Una vez más, Jesús les puso un ejemplo a los sacerdotes, a los líderes judíos y a los fariseos: En el reino de Dios pasa lo mismo que cuando un rey hizo una fiesta para celebrar la boda de su hijo.
El rey envió a sus sirvientes para que llamaran a los invitados a la fiesta, pero los invitados no quisieron ir.
Entonces el rey envió a otros sirvientes con este mensaje: La comida ya está lista. He mandado preparar la carne de mis mejores terneros. ¡Vengan a la fiesta!
Pero los invitados no hicieron caso, y cada uno se fue a hacer otras cosas. Uno fue a ver sus terrenos, otro fue a atender su negocio, y los otros agarraron a los sirvientes del rey y los mataron a golpes.
El rey se enojó mucho, y envió a sus soldados para que mataran a esos invitados y quemaran la ciudad donde vivían.
Luego, el rey dijo a sus sirvientes: La fiesta de bodas está lista, y aquellos invitados no merecían venir. Vayan por las calles, e inviten a todos los que encuentren para que vengan a la fiesta de la boda.
Los sirvientes fueron a las calles de la ciudad e invitaron a muchas personas, unas malas y otras buenas; y así el salón de la fiesta se llenó de invitados.
Cuando el rey entró al salón para conocer a los invitados, vio a uno que no estaba bien vestido para la fiesta, y le dijo: ¡Oye, tú! ¿Cómo hiciste para entrar, si no estás vestido para la fiesta?

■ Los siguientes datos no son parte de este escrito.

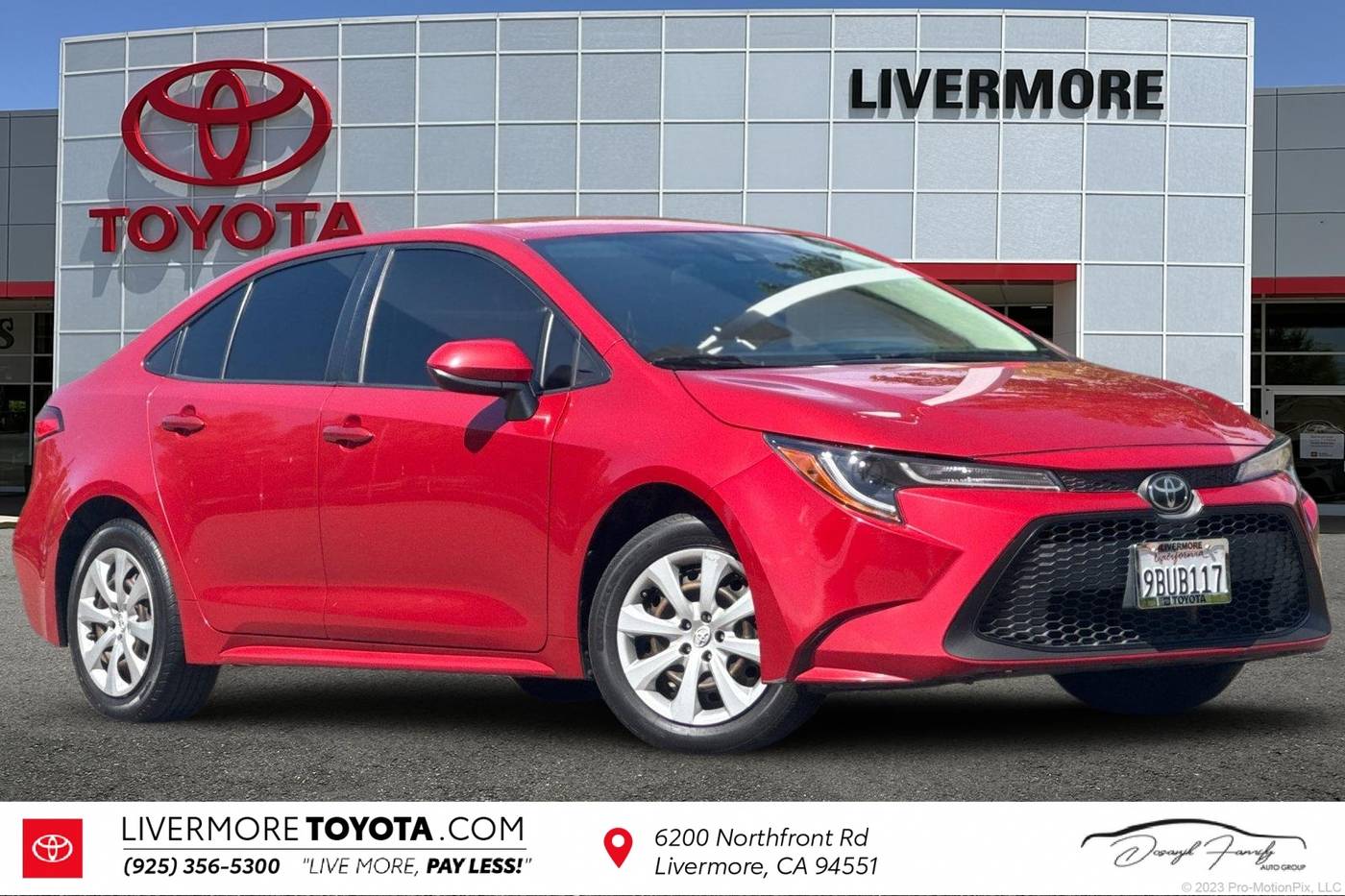 2020 Toyota Corolla LE — Sedan — 91,772 mi — Livermore, CA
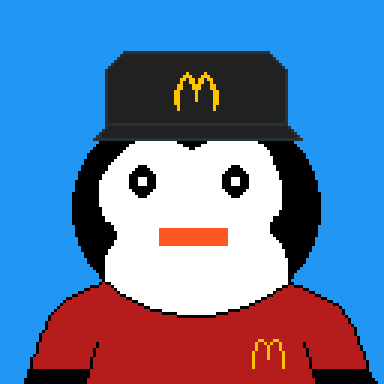 PixeliPenguins's tweet photo. How about Mcdonald's on Monday ?

https://t.co/vT5qCGn3jM

#NFTdrops #nftarti̇st #OpenSeaMarket #openseaart #OpenSeaCollection #OpenseaNFTs  #PenguinPower 

Pixeli Penguins at your service 

@McDonalds @mcdonaldsindia https://t.co/ezgmVTVqr6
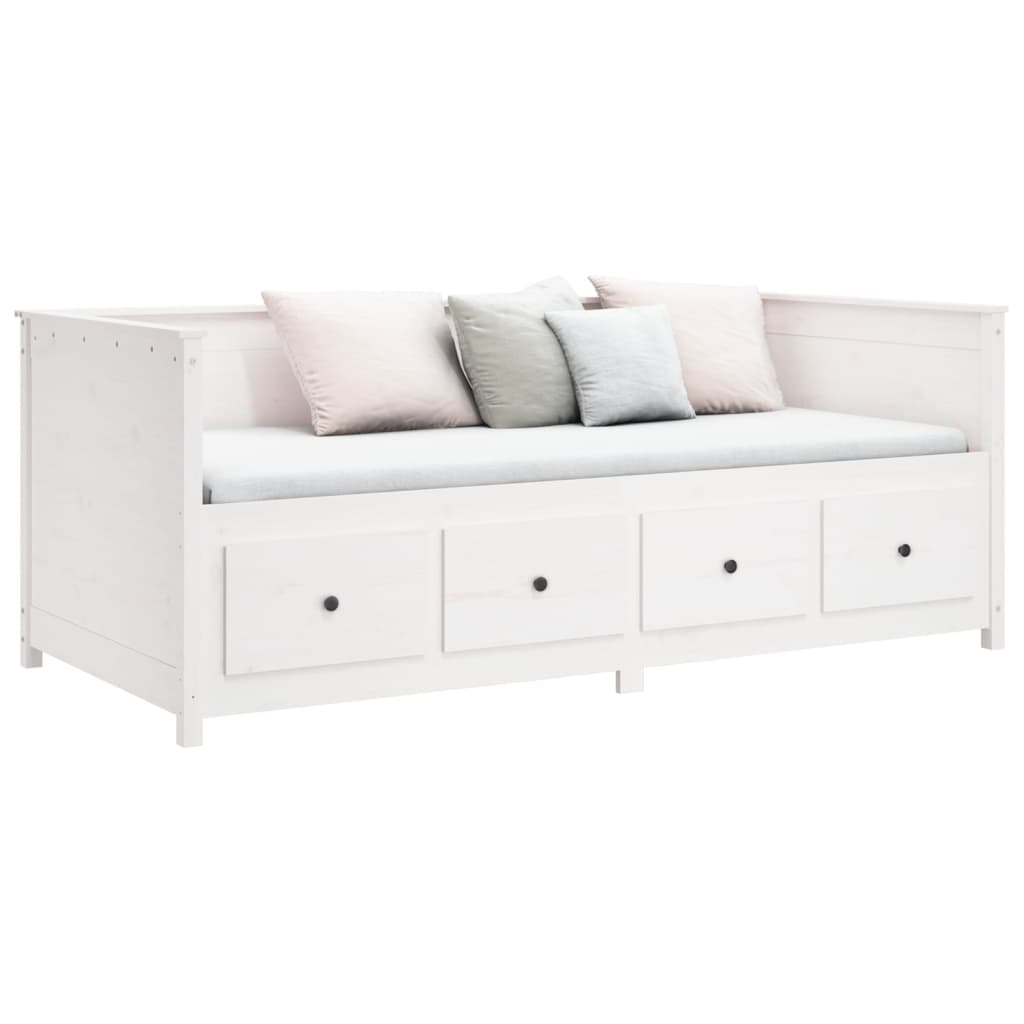 daybed uden madras 80x200 cm massivt fyrretræ hvid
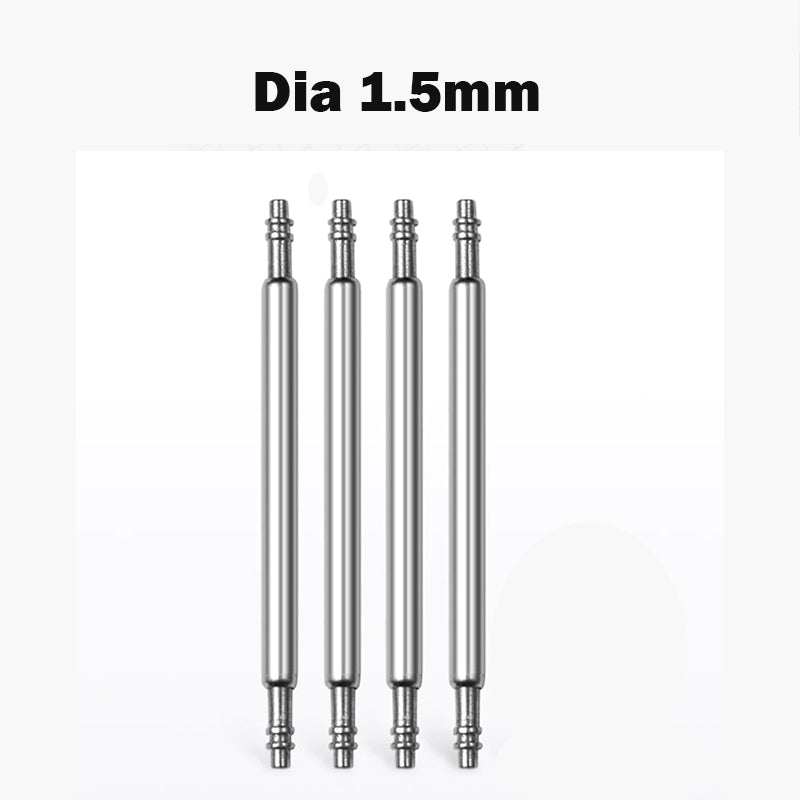 10PCS Dia 1.5/1.8mm Spring Bars for 18/20/22mm Watch Strap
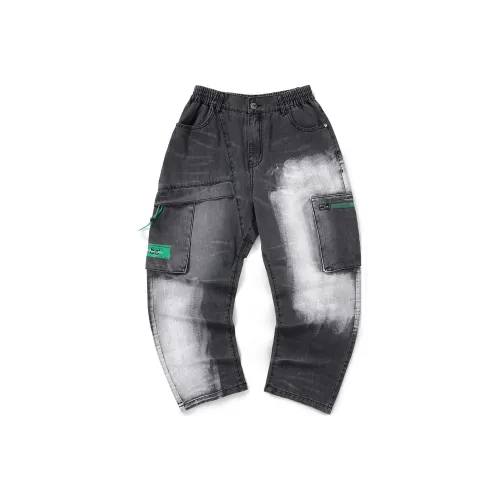 Bt Straight Jeans Unisex Dark Gray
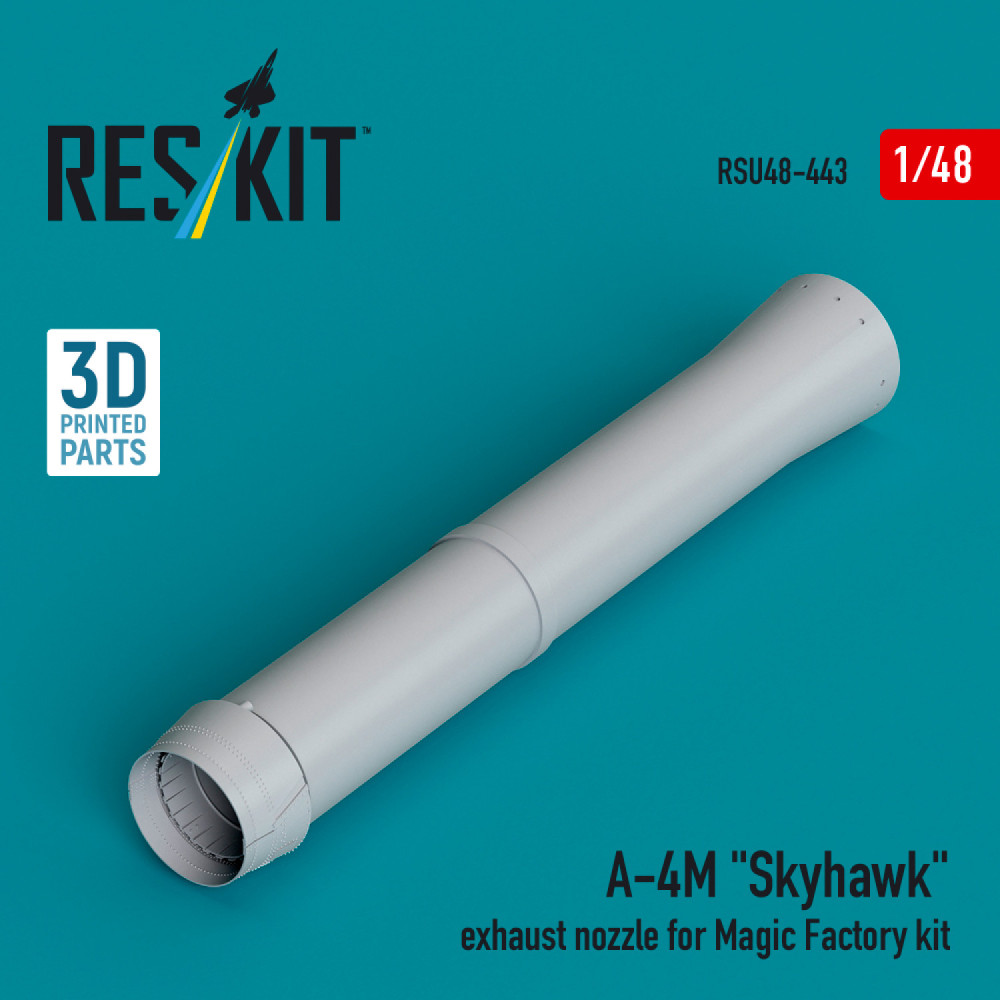 A-4M "Skyhawk" exhaust nozzle for Magic Factory kit (3D Printed) 1/48 ResKit RSU48-0443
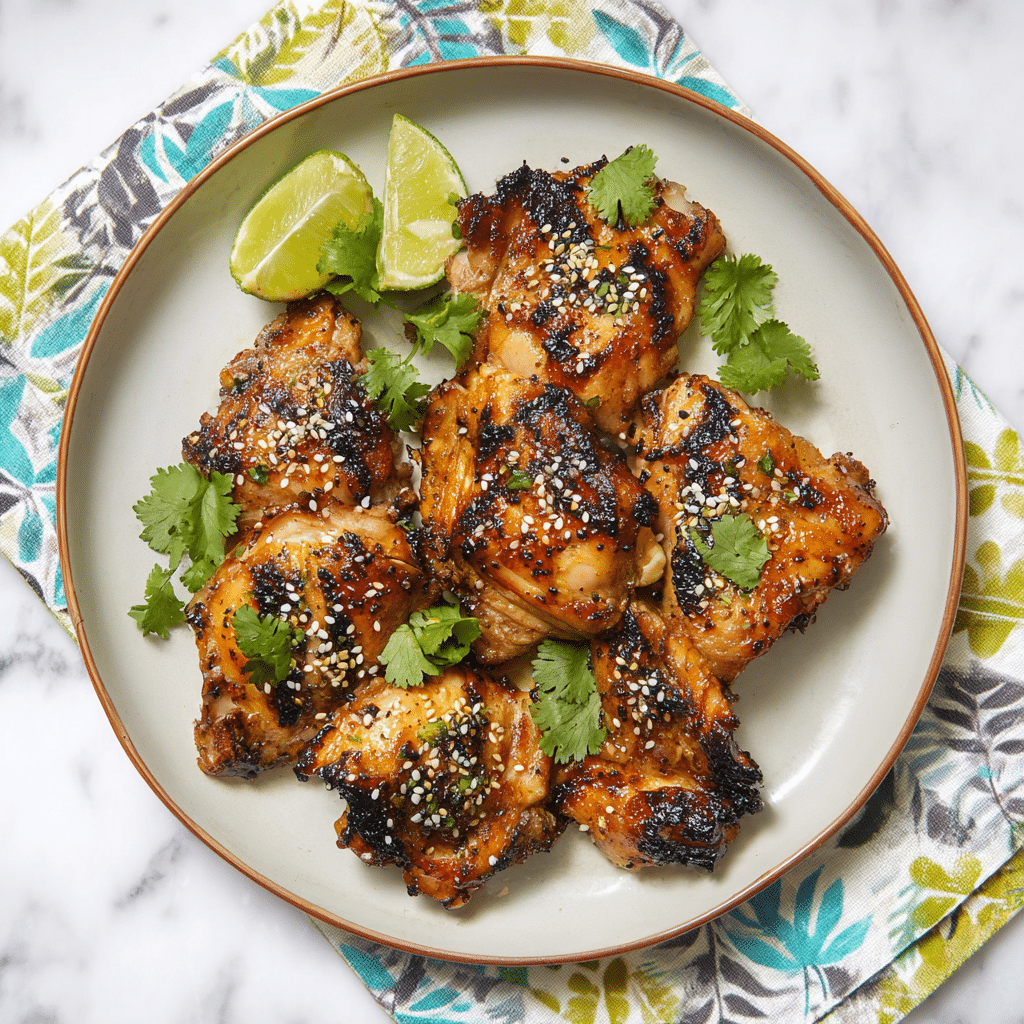 Gochujang Miso Chicken Thighs Recipe - Recipe Image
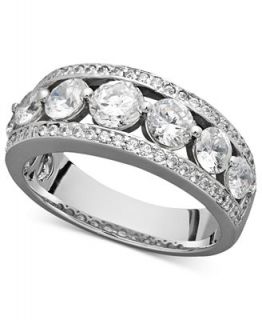 Diamond Ring, 14k White Gold Certified Diamond Band (2 ct. t.w.)   Rings   Jewelry & Watches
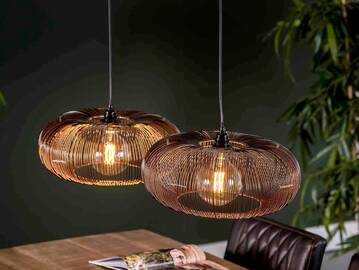 BARAKRO Pendellampe, 2-flammig, Material Metall, Schwarz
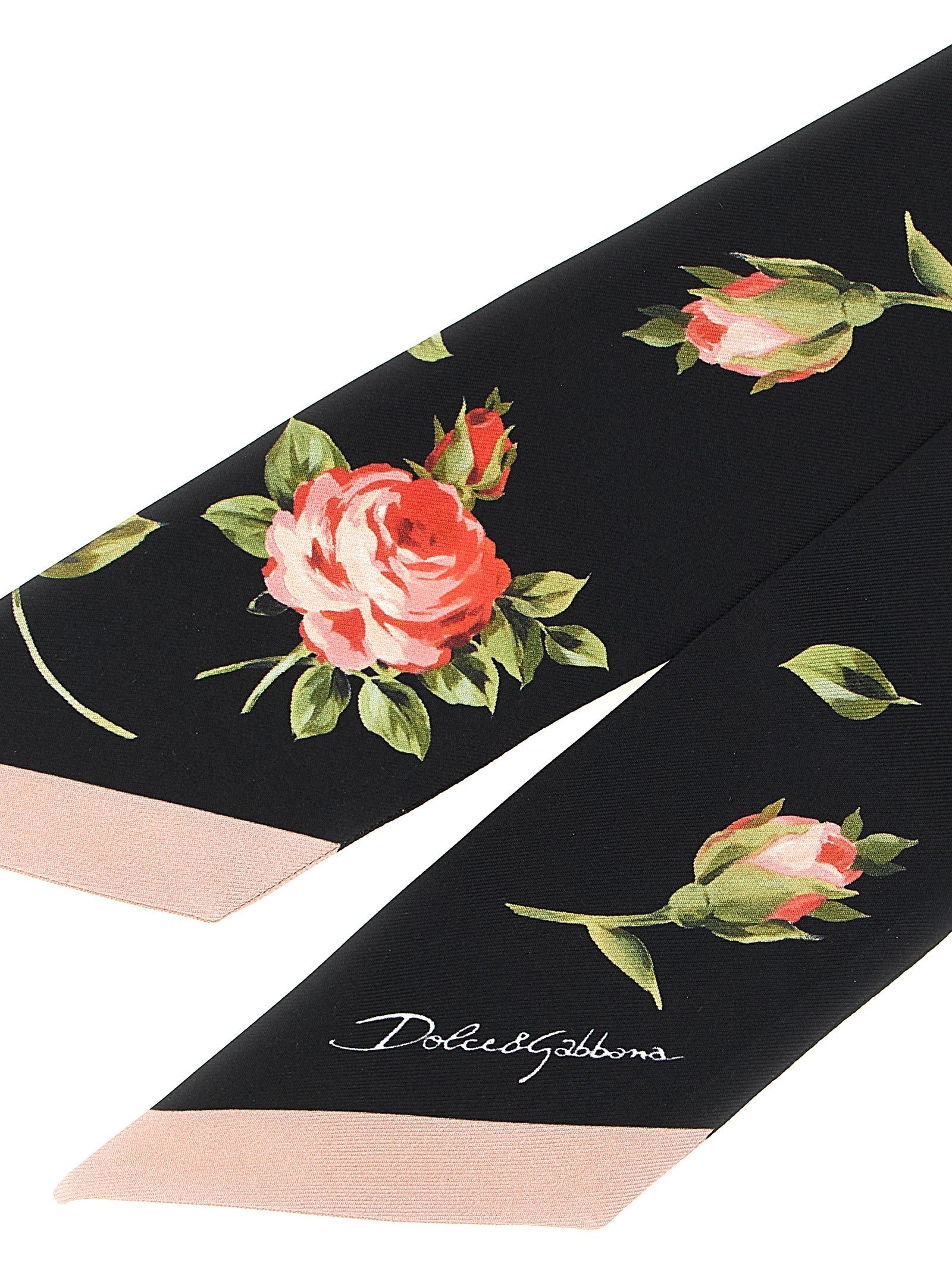 Dolce &amp; Gabbana Bandeau Bouquet Rose Black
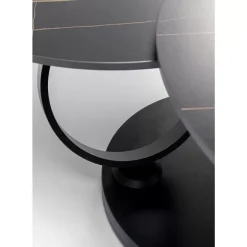 Tische-KARE Design Couchtisch Beverly Schwarz 133X80Cm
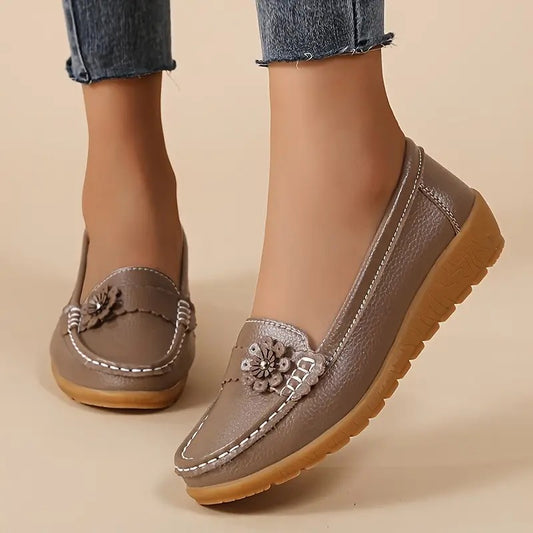 Women's Flower Decor Flat Loafers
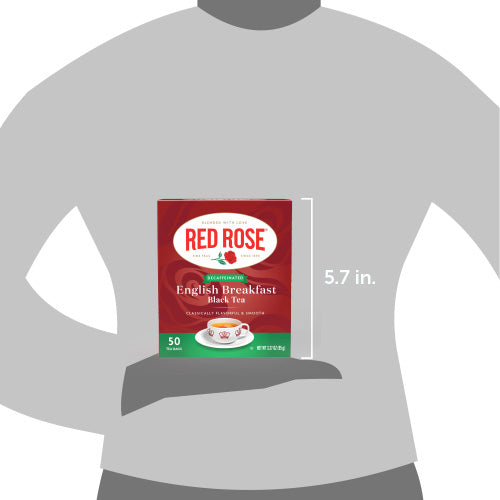 Red Rose Decaf English Breakfast Tea scale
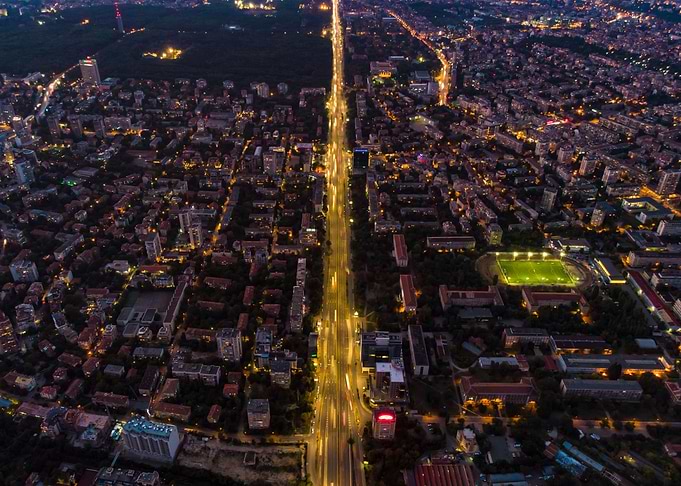 Night street in city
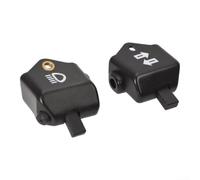 Plastic Brake Light Switch Set for Simson for schwalbe KR51 Plastic | Includes headlight and turn signal switches, direct fit for S51, for s50, KR51 models, black plastic finish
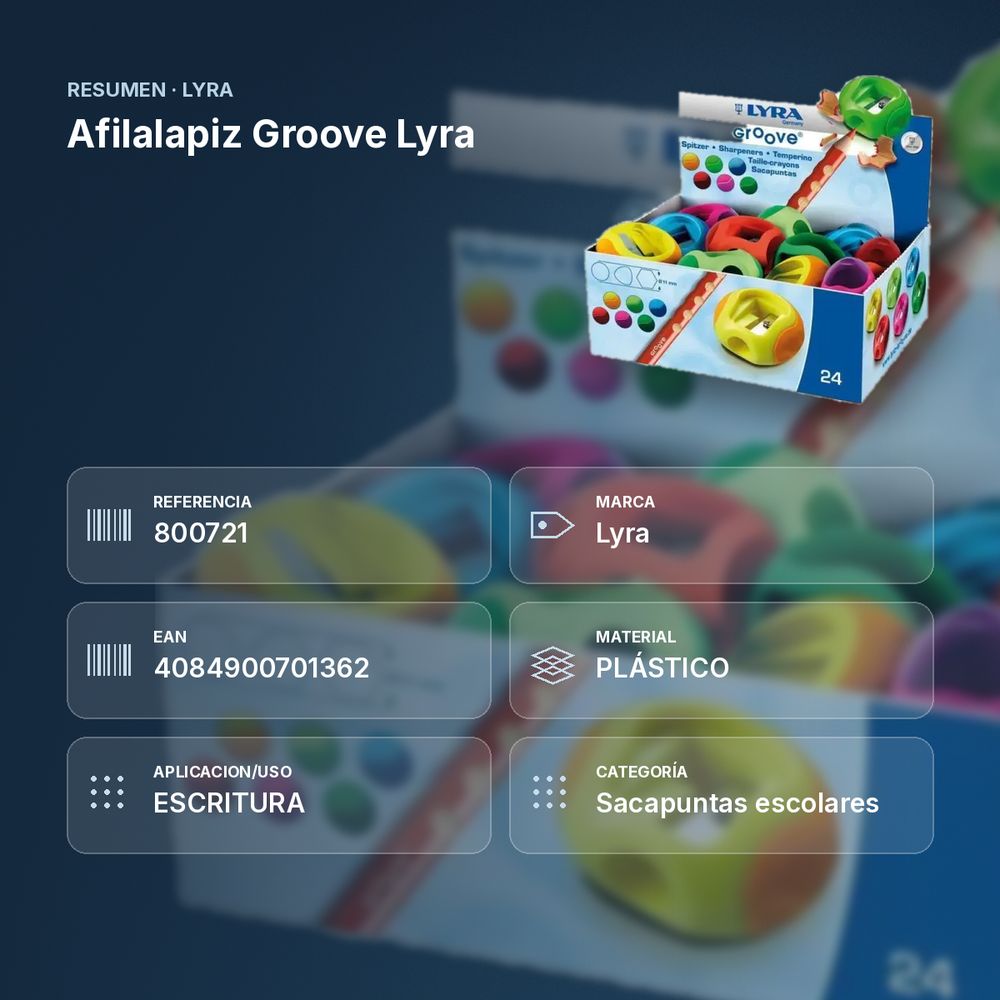 AFILALAPIZ GROOVE LYRA - resumen de atributos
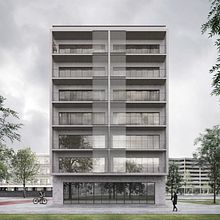 Bloque de Viviendas en Bon Pastor, Barcelona.. Un proyecto de 3D de Didac Guxens Rey - 16.09.2020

Pero él no contestó nada. Entonces el rey les ordenó a sus sirvientes: Átenlo de pies y manos, y échenlo afuera, a la oscuridad; allí la gente llora y rechina de terror los dientes.
Esto pasa porque son muchos los invitados a participar en el reino de Dios, pero son muy pocos aquellos a los que Dios acepta.